(Stored data entries)
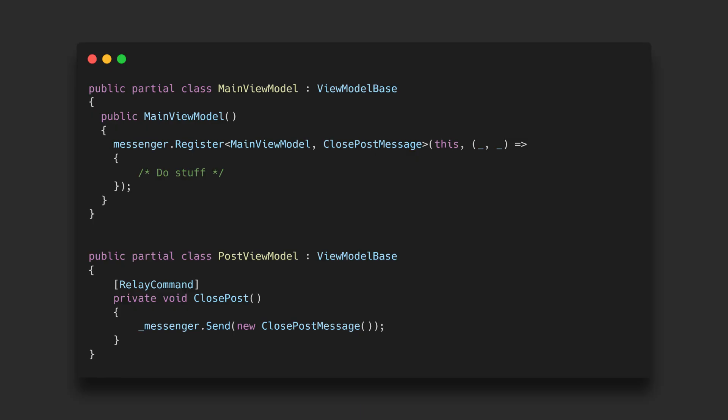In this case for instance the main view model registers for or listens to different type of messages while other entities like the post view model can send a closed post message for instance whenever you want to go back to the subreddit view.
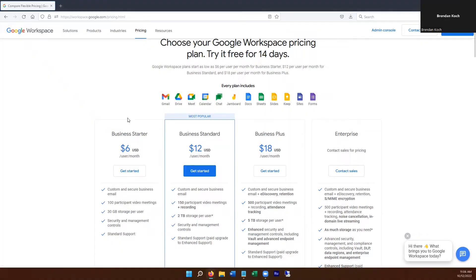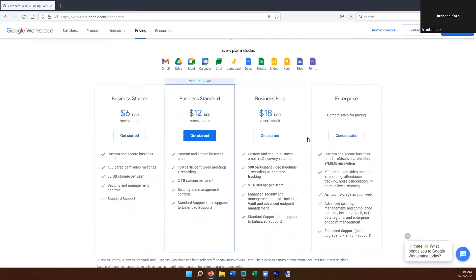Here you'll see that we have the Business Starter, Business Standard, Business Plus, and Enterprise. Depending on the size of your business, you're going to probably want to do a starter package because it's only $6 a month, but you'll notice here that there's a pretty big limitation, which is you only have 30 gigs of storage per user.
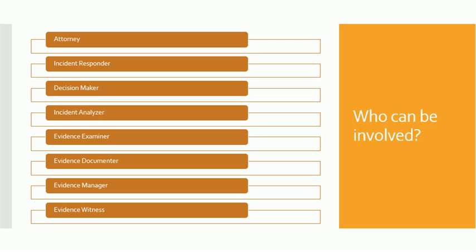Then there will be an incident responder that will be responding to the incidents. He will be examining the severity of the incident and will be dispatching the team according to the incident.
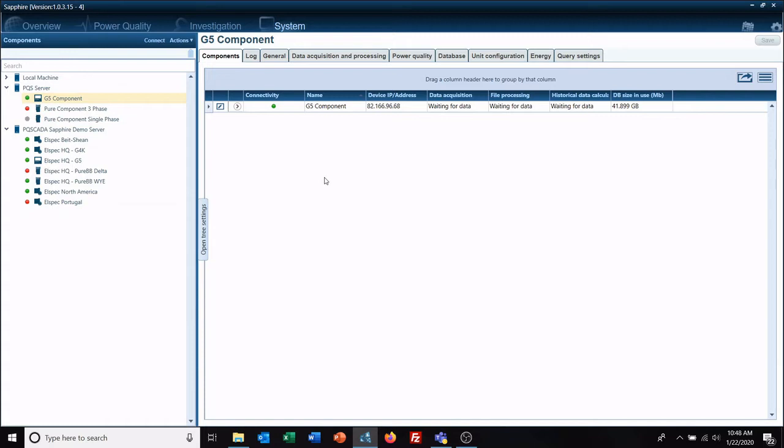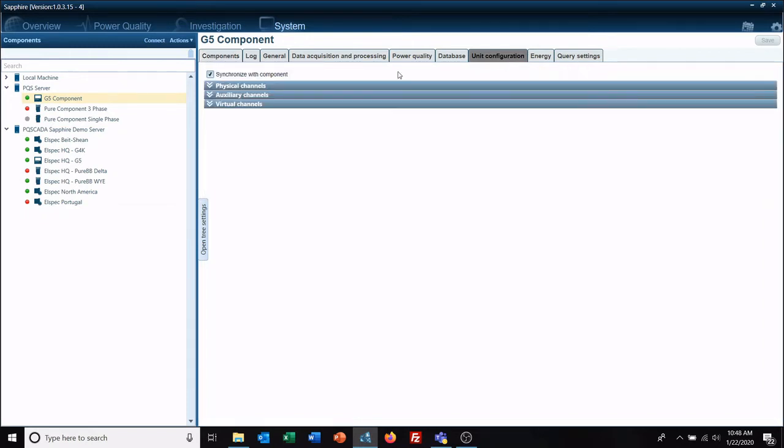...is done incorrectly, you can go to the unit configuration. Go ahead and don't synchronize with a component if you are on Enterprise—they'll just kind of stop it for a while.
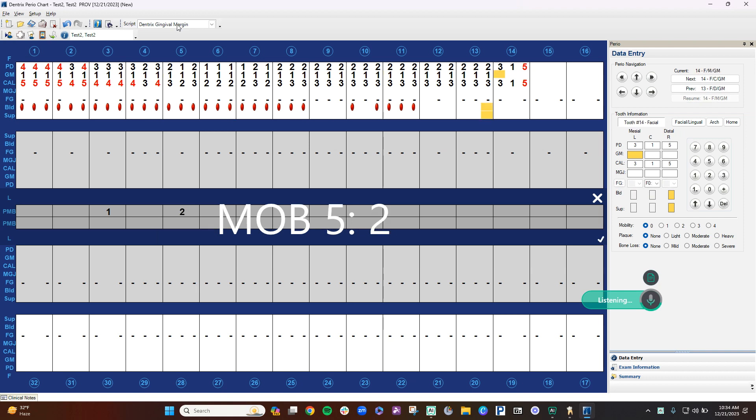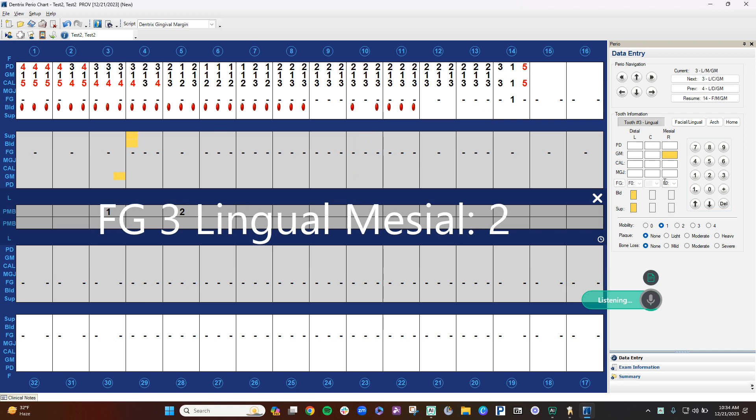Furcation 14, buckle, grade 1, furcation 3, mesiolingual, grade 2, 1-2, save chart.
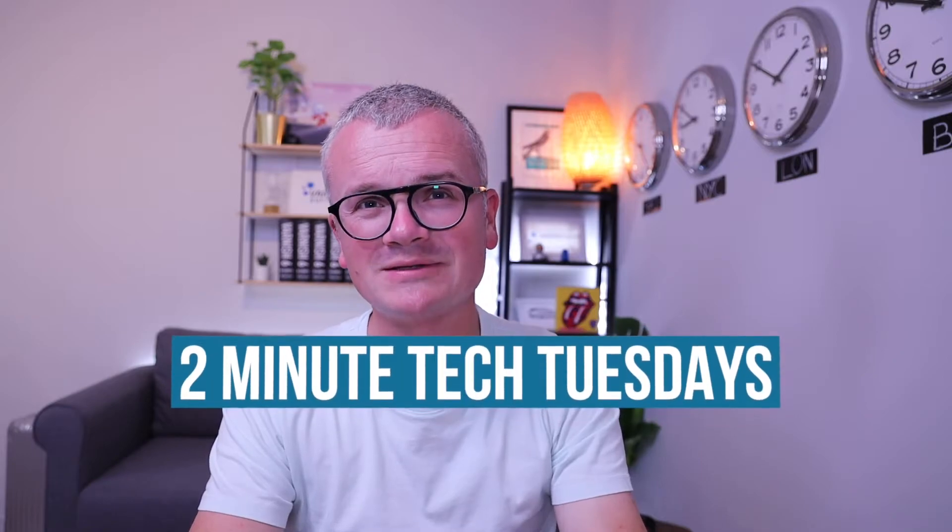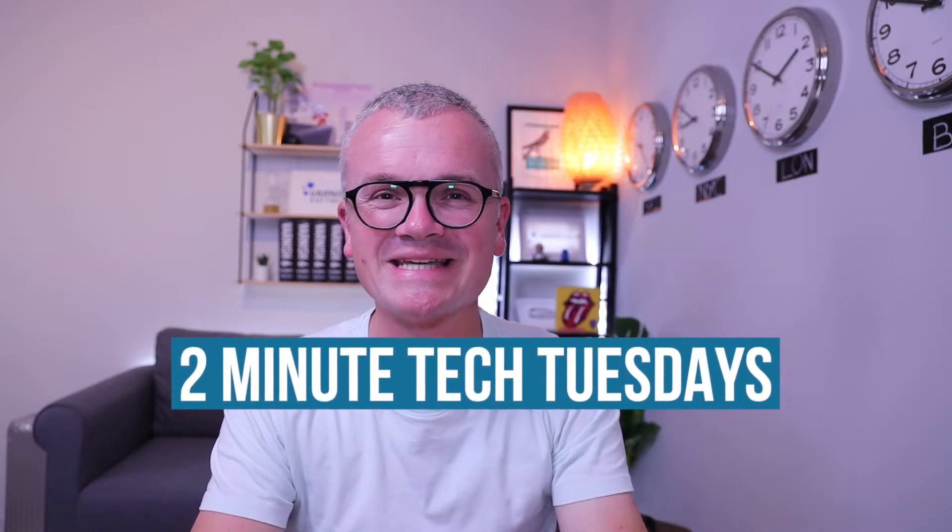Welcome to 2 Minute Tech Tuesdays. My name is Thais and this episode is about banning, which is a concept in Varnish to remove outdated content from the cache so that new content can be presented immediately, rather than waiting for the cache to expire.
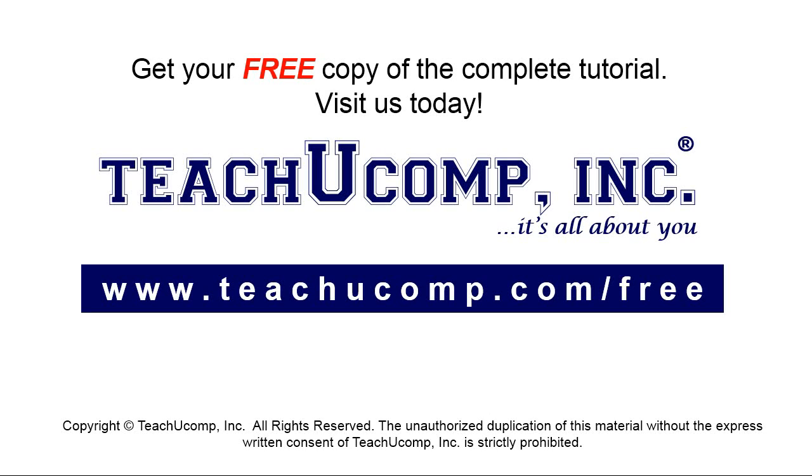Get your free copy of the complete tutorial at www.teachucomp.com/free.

**Task**
In the entries above, find the line that contains "for a while.", then repeat exactly every line from the first one through that line, with no pictures.

**Finished task**
In this case for instance the main view model registers for or listens to different type of messages while other entities like the post view model can send a closed post message for instance whenever you want to go back to the subreddit view.
Here you'll see that we have the Business Starter, Business Standard, Business Plus, and Enterprise. Depending on the size of your business, you're going to probably want to do a starter package because it's only $6 a month, but you'll notice here that there's a pretty big limitation, which is you only have 30 gigs of storage per user.
Then there will be an incident responder that will be responding to the incidents. He will be examining the severity of the incident and will be dispatching the team according to the incident.
...is done incorrectly, you can go to the unit configuration. Go ahead and don't synchronize with a component if you are on Enterprise—they'll just kind of stop it for a while.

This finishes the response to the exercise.